Menurutnya, penggunaan vaksin, seperti Sinovac dan AstraZeneca, ini membutuh resources besar, sumber daya manusia, waktu, atensi, dan lainnya. "Nah, jangan dihabiskan oleh satu potensi vaksin [Nusantara] ini yang tidak visible," ujarnya.
Dicky lantas menyinggung vaksin Merah Putih yang sedang dikembangkan Lembaga Biologi Molekular (LBM) Eijkman. Pengembangan vaksin Merah Putih, kata dia, jelas pertanggungjawaban ilmiahnya.
"Ada potensi manfaatnya dan basis ilmiahnya jelas. Bahkan secara public health juga besar. Itu yang harus diarahkan," katanya.
Senada dengan Dicky, Ketua Satgas Covid-19 Pengurus Besar Ikatan Dokter Indonesia (PB IDI), Zubairi Djoerban, menyatakan, salut dan mendukung Penny yang belum memberikan izin uji klinis tahap dua vaksin Nusantara.
"Kalau belum memenuhi kaidah klinis, ya beliau [Penny] akan bilang belum. Integritas Badan POM juga sudah teruji ketika merilis EUA untuk Sinovac," katanya kepada wartawan.
Zubairi menyatakan dukungan untuk pengembangan obat dan vaksin dalam rangka kemandirian Indonesia di bidang farmasi. "Saya yakin bisa, asalkan sesuai dengan kaidah-kaidah ilmiah," kata Guru Besar Fakultas Kedokteran Universitas Indonesia (FKUI) ini.
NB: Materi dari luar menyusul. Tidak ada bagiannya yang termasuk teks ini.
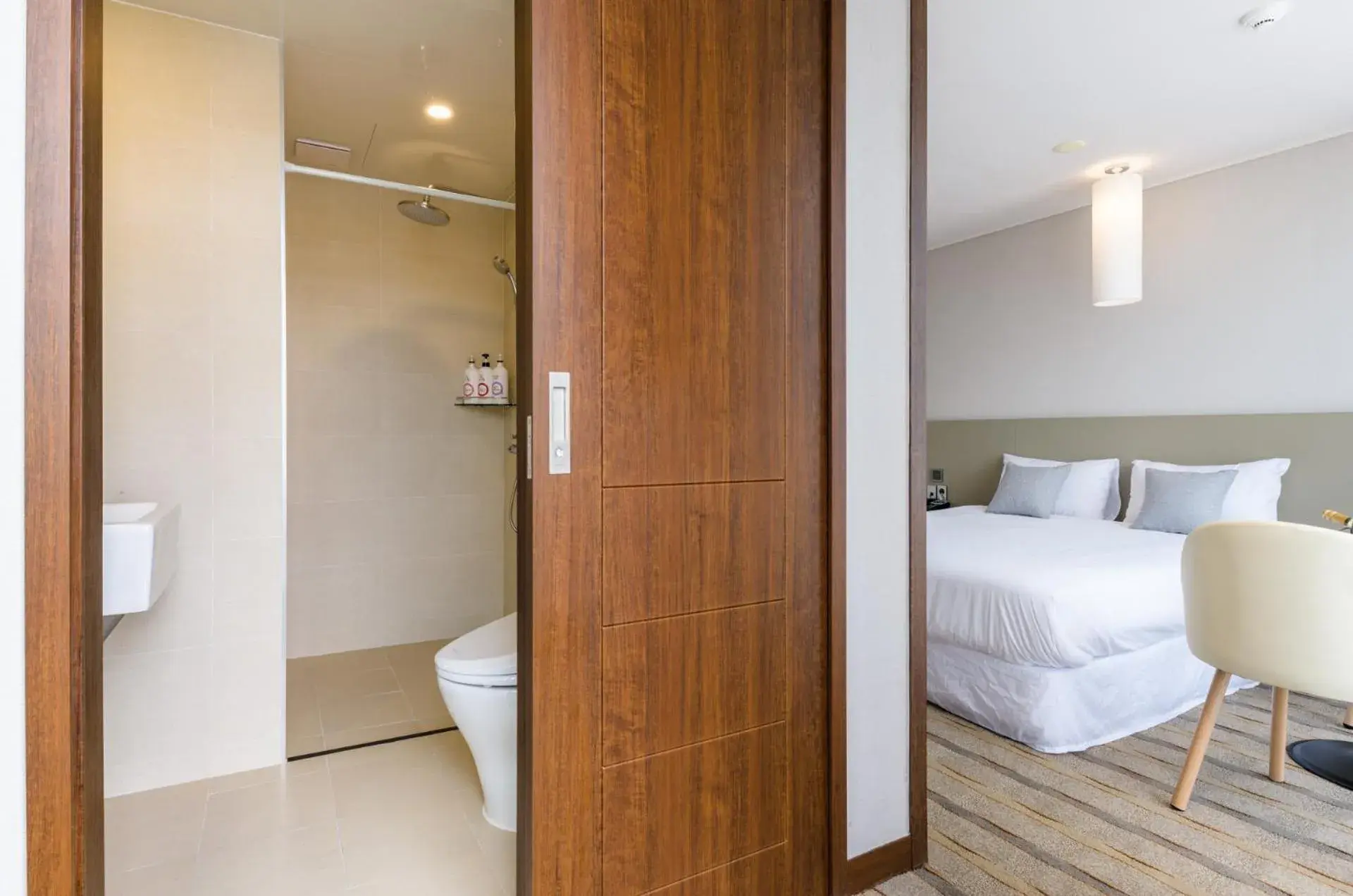 Bathroom, Bed in Shinshin Hotel Cheonjiyeon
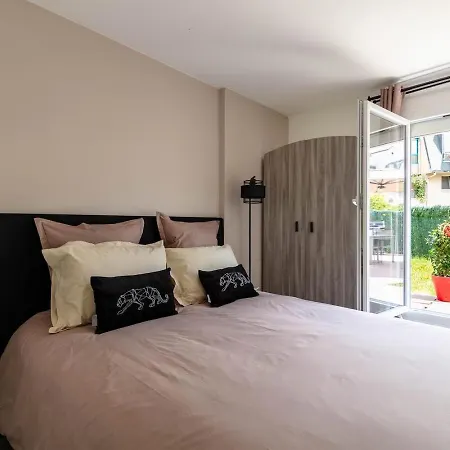 Refuge Avec Jardin, A 6 Minutes A Pied Du Metro L Echat-lovely Retreat With Garden, Located A 6-minute Walk From L Echat Metro Station Apartment Creteil
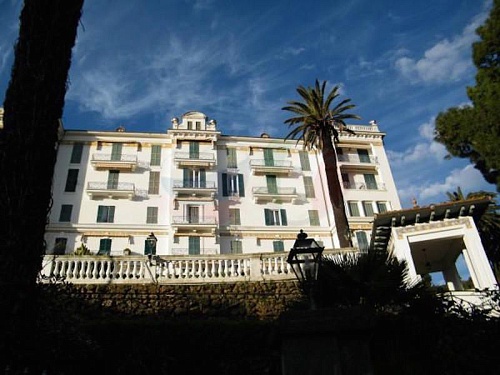 Апартаменты в Бордигере, Италия, 63 м2 фото 1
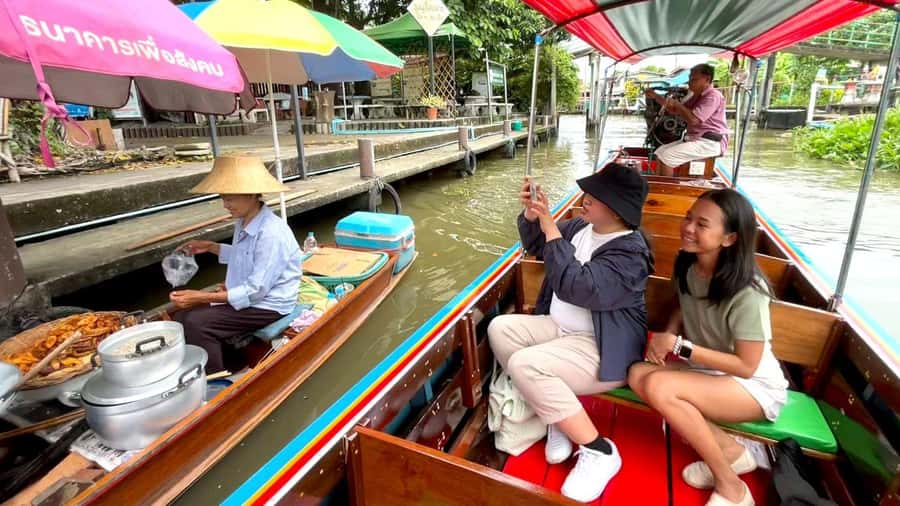 3 Hrs Private boat Tour Bangkok Floating Market by Flat Boat - Khlong Lat Mayom Floating Market: food, crafts, and land-and-water stalls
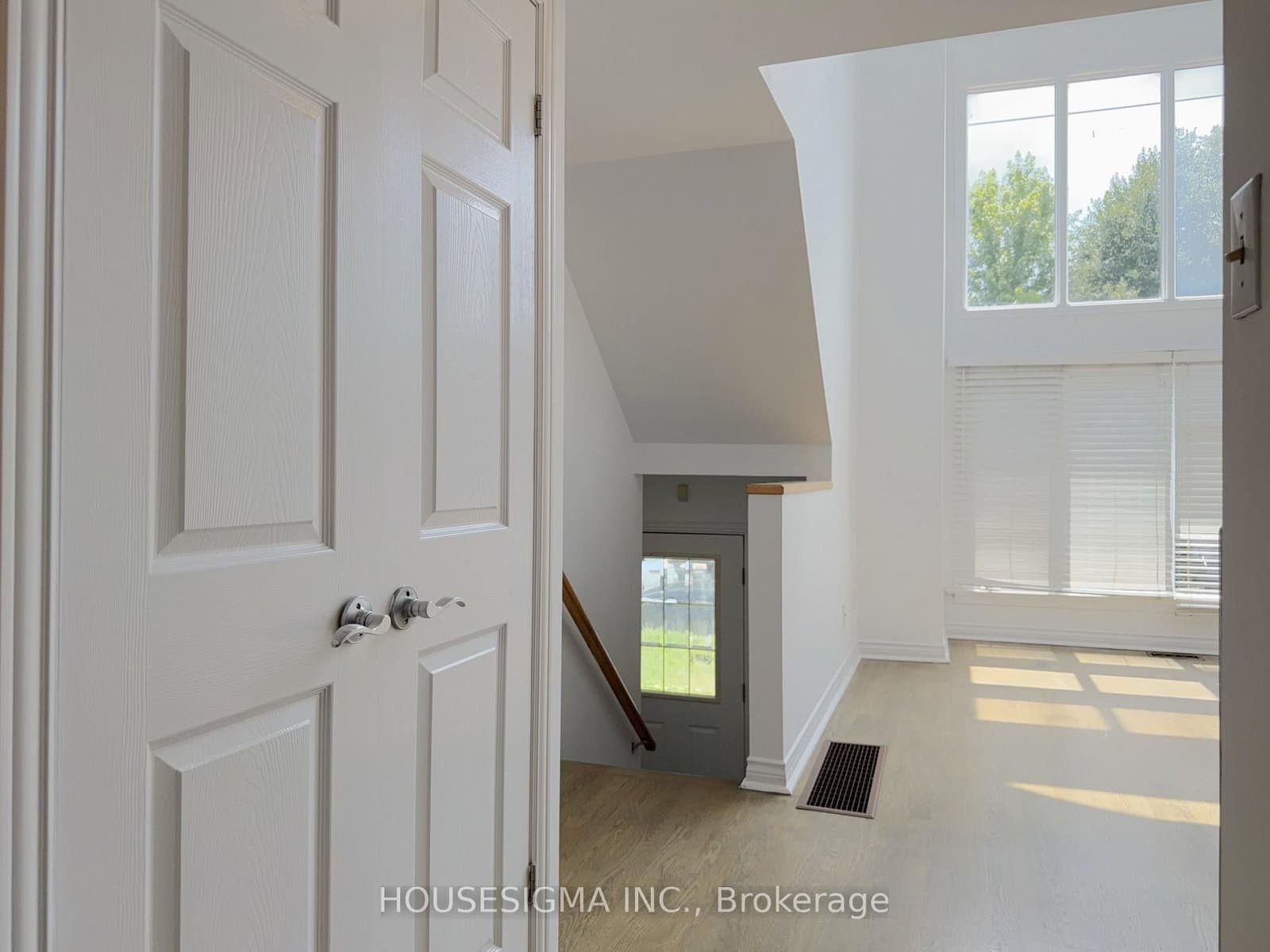 116 Cranbrooke Avenue, Unit Main thumbnail 4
Sebelumnya, Zubairi mempertanyakan pernyataan Terawan Agus Putranto perihal keampuhan vaksin Covid-19, yakni vaksin Nusantara yang bisa picu antibodi seumur hidup. "Saya belum menemukan laporan di jurnal mengenai laporan uji klinik tahap satunya. Apalagi fase dua, saya juga belum bisa mencari datanya. Jadi klaim yang terlalu dini," ujarnya.
Dia mengatakan, sampai saat ini belum ada jurnal ilmiah yang memuat temuan uji klinis tahap satu vaksin Nusantara. Dia menegaskan, mendukung setiap penelitian terkait vaksin Covid-19. Namun, Zubairi mengingatkan dari penelitian sampai ke kesimpulan tidak bisa langsung ke konklusi dengan perolehan data minim.
"Kami di dunia kedokteran tak bisa membuat kesimpulan berdasarkan logika saja. Harus berdasarkan ilmiah," katanya.